The standard k-means algorithm isn't directly applicable to categorical data, for various reasons. The sample space for categorical data is discrete, and doesn't have a natural origin. A Euclidean distance function on such a space isn't really meaningful. As someone put it, "The fact a snake possesses neither wheels nor legs allows us to say nothing about the relative value of wheels and legs." (from here)

There's a variation of k-means known as k-modes, introduced in this paper by Zhexue Huang, which is suitable for categorical data. Note that the solutions you get are sensitive to initial conditions, as discussed here (PDF), for instance.

Huang's paper (linked above) also has a section on "k-prototypes" which applies to data with a mix of categorical and numeric features.
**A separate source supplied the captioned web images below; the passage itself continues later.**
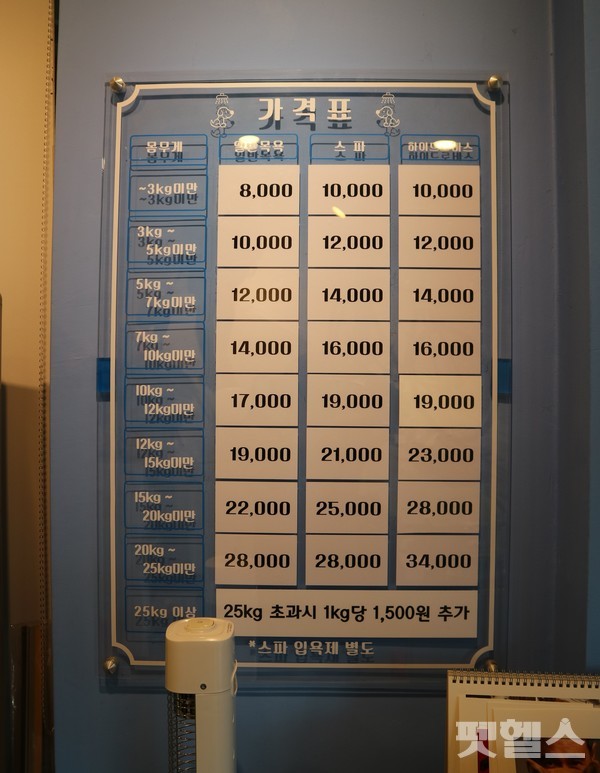 가격표를 상세하게 표시했다. @펫헬스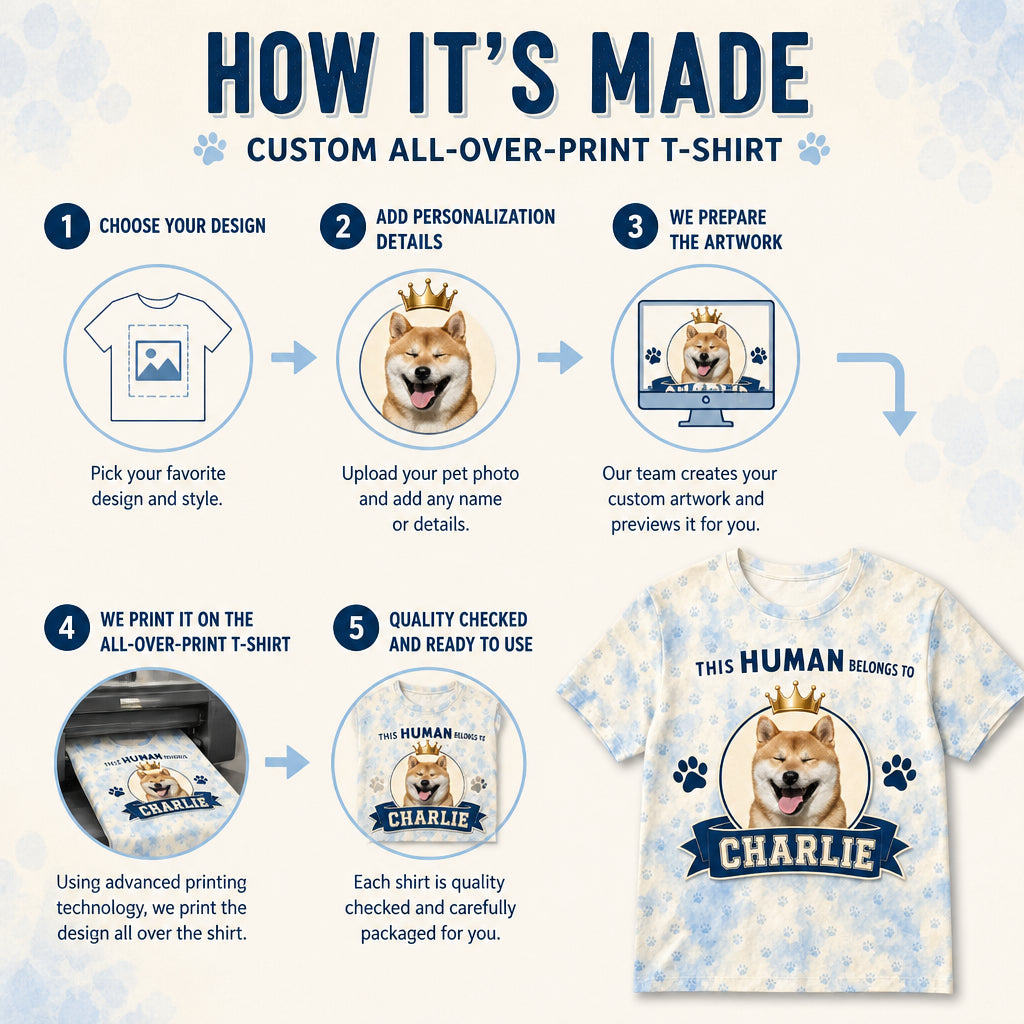 This Human Belongs To — Custom Pet Photo AOP Tee - How it is made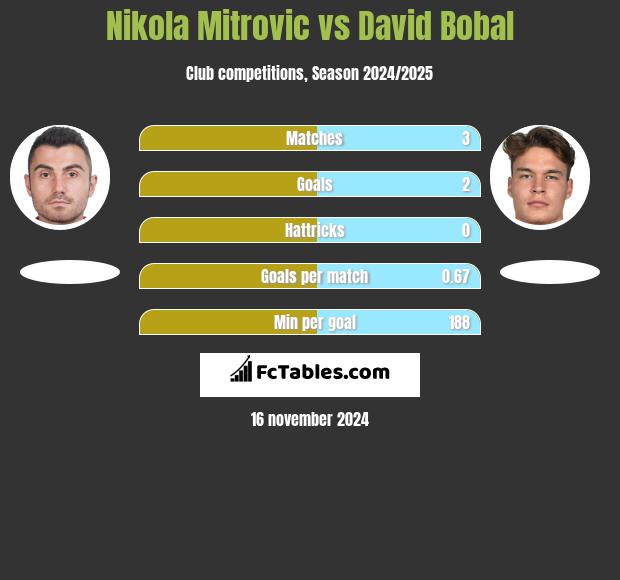 Nikola Mitrović vs David Bobal h2h player stats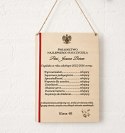 Świadectwo Nauczyciela DrewnoPersonalizowane Podziękowanie Prezent od Klasy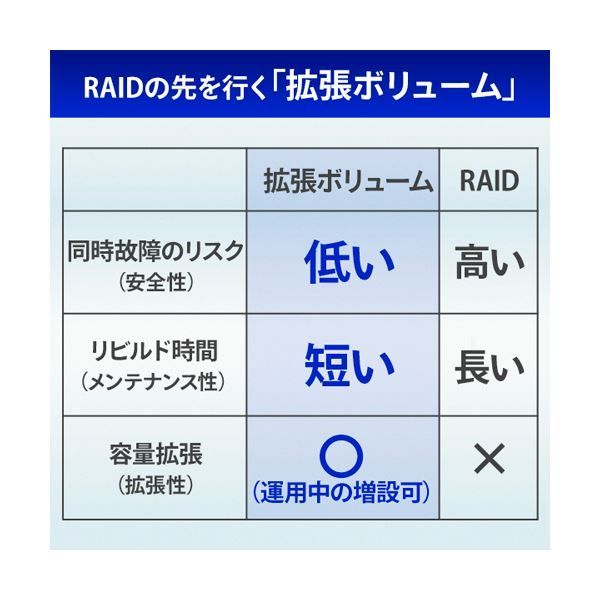 アイオーデータ10GbE＆マルチギガビット Linux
It uses a distance measure which mixes the Hamming distance for categorical features and the Euclidean distance for numeric features.

A Google search for "k-means mix of categorical data" turns up quite a few more recent papers on various algorithms for k-means-like clustering with a mix of categorical and numeric data. (I haven't yet read them, so I can't comment on their merits.)

Actually, what you suggest (converting categorical attributes to binary values, and then doing k-means as if these were numeric values) is another approach that has been tried before (predating k-modes). (See Ralambondrainy, H. 1995. A conceptual version of the k-means algorithm. Pattern Recognition Letters, 16:1147–1157.) But I believe the k-modes approach is preferred for the reasons I indicated above.

6Yes, using 1-of-n encoding is valid too. – Sean Owen – 2014-05-14T06:47:00.223

Perhaps this approach would be useful: http://zeszyty-naukowe.wwsi.edu.pl/zeszyty/zeszyt12/Numerical_Coding_of_Nominal_Data.pdf

– None – 2015-12-14T19:24:05.343